↓
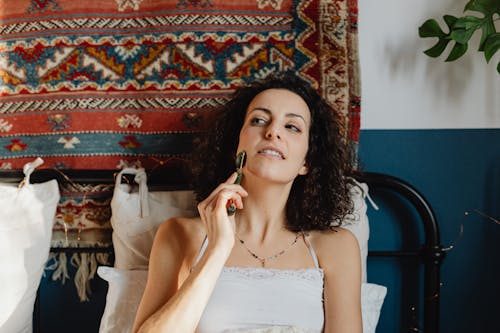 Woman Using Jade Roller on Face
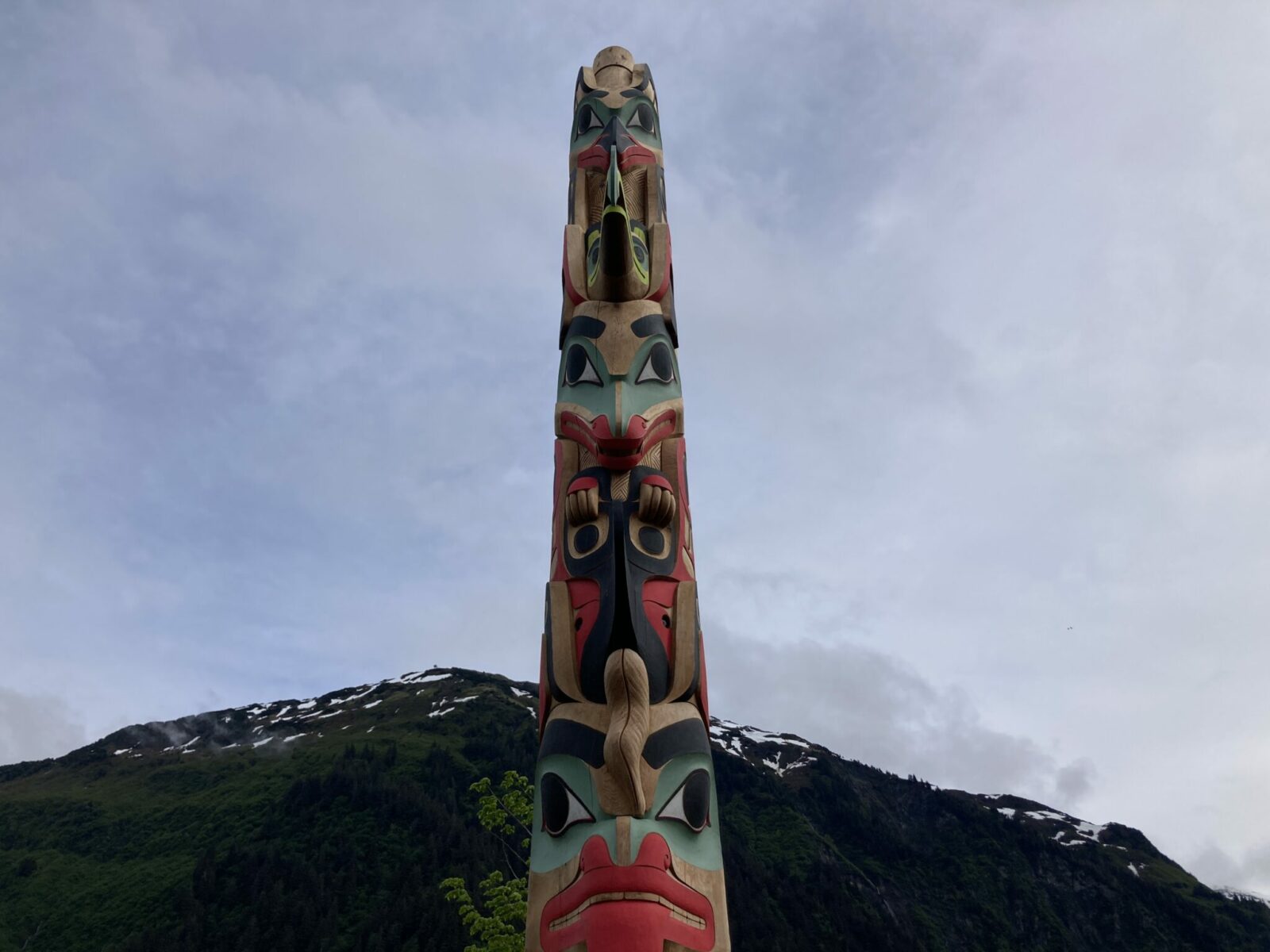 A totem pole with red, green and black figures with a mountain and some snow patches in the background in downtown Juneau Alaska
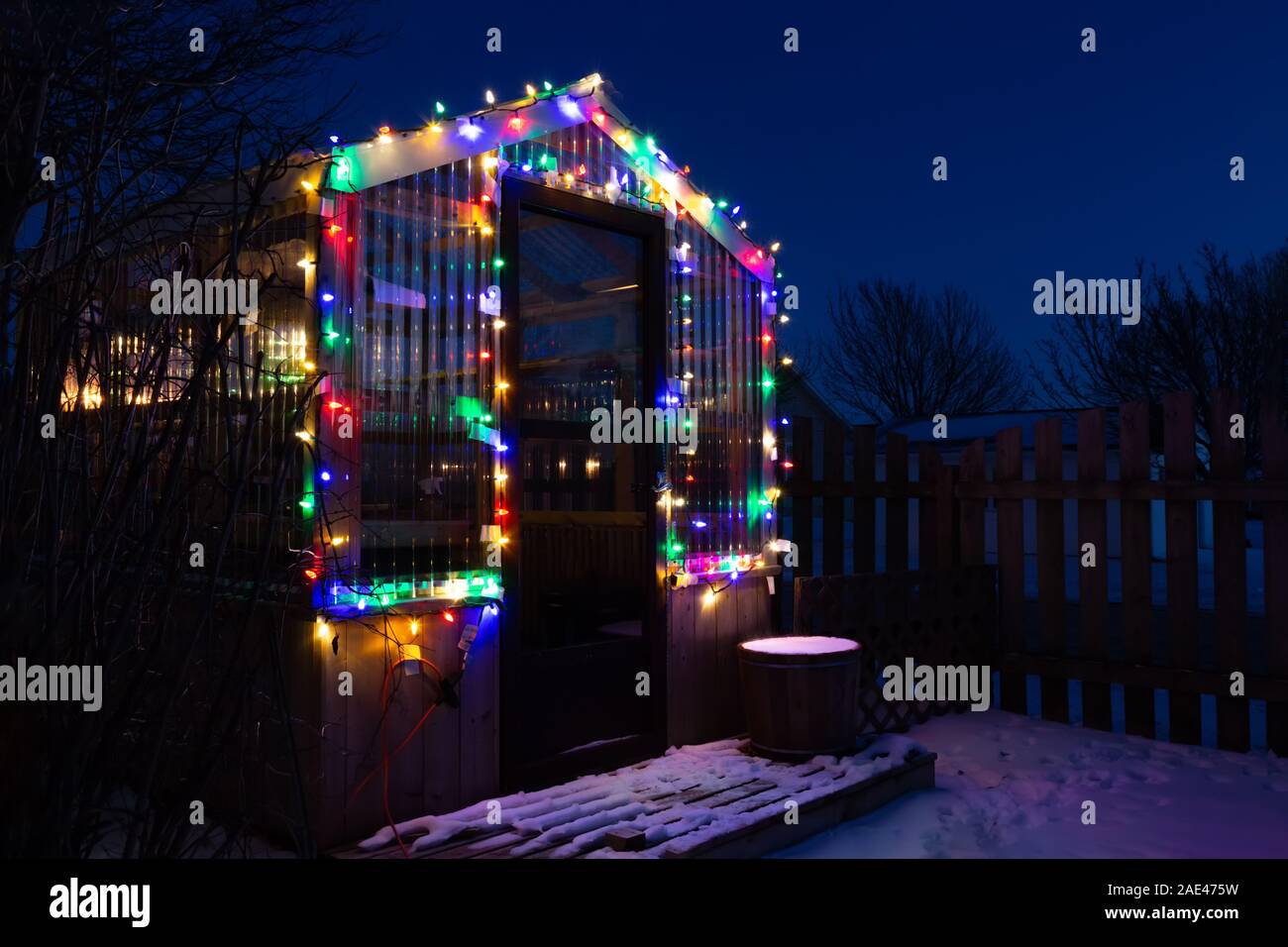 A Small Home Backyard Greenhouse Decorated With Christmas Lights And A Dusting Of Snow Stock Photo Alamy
↑
Omit the pictures and output all remaining material exactly.

 Woman Using Jade Roller on Face
 A totem pole with red, green and black figures with a mountain and some snow patches in the background in downtown Juneau Alaska
 A Small Home Backyard Greenhouse Decorated With Christmas Lights And A Dusting Of Snow Stock Photo Alamy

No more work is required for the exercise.